◆ TASK TO COMPLETE
An exact retyping of all lines below is the answer; pictures do not belong in it.

◆ DATASET CONTENT
-.-.-

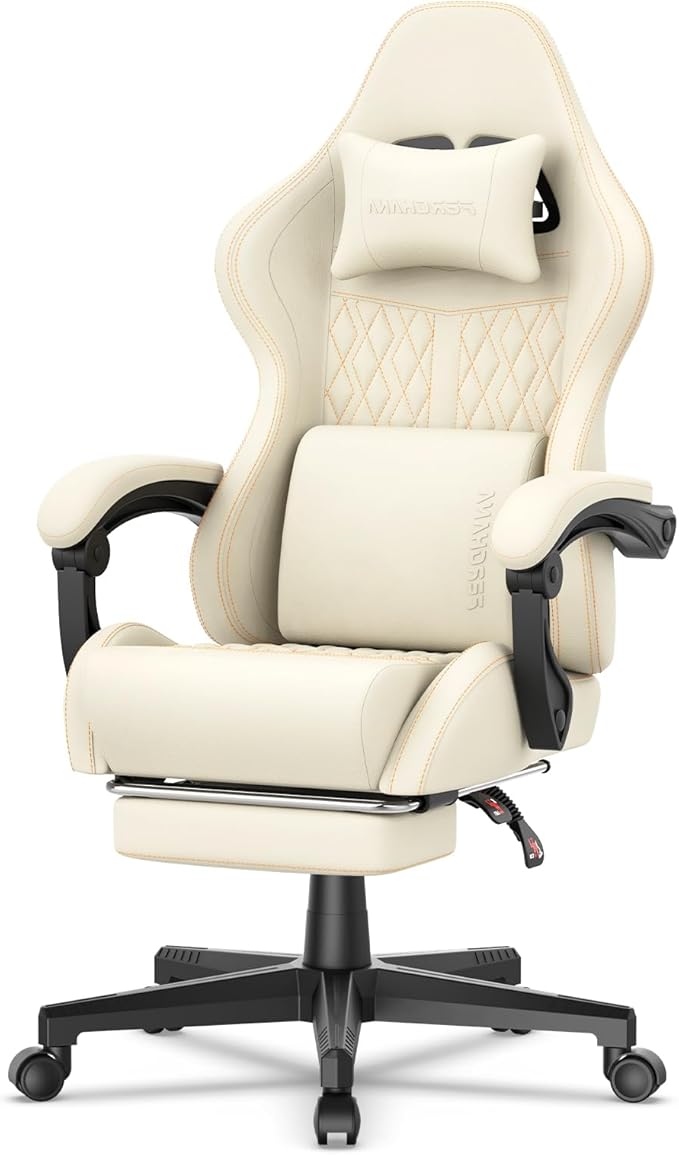 Ferghana Vintage PU Leather Gaming Chair Ergonomic Gamer Chair with Massage High Back Computer Office Chair with Footrest for Adults Racing Style Reclining Video Game Chair (Beige)
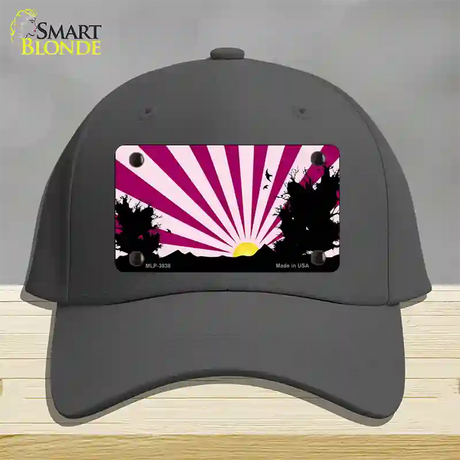 Southwest Pink Sunset Novelty License Plate Hat Cotton / Charcoal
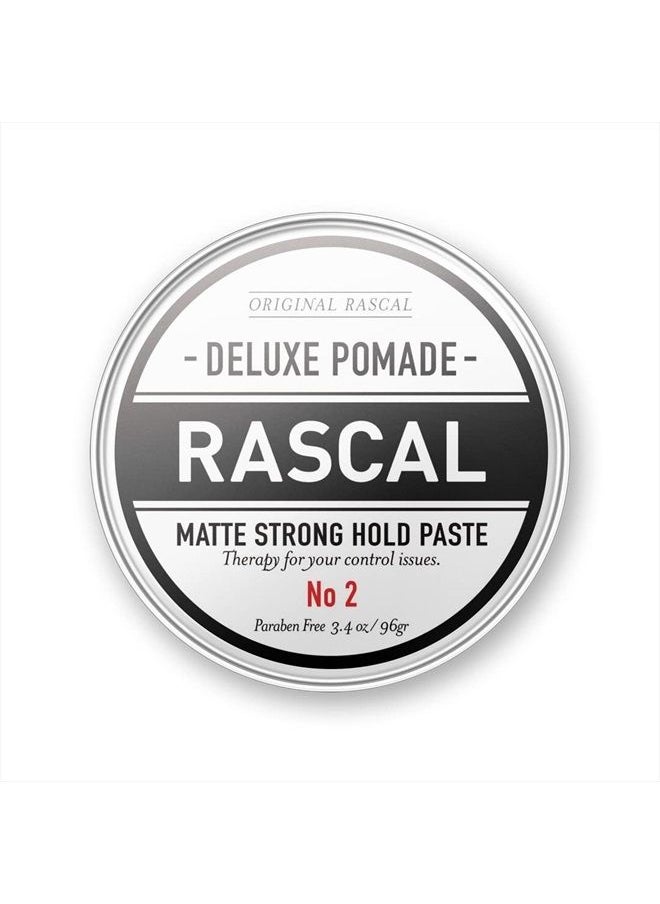 RASCAL Original Rascal Deluxe Pomade for Men #2 - Matte Strong Hold Hair Paste for Effortless Stylish Hair - Beeswax & Lanolin Wax Infused - TSA Friendly - Paraben Free - Natural Ingredients - Ideal for Wavy  - Image 1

-.-.-

◆ SOLUTION
 Ferghana Vintage PU Leather Gaming Chair Ergonomic Gamer Chair with Massage High Back Computer Office Chair with Footrest for Adults Racing Style Reclining Video Game Chair (Beige)
 Southwest Pink Sunset Novelty License Plate Hat Cotton / Charcoal
 RASCAL Original Rascal Deluxe Pomade for Men #2 - Matte Strong Hold Hair Paste for Effortless Stylish Hair - Beeswax & Lanolin Wax Infused - TSA Friendly - Paraben Free - Natural Ingredients - Ideal for Wavy  - Image 1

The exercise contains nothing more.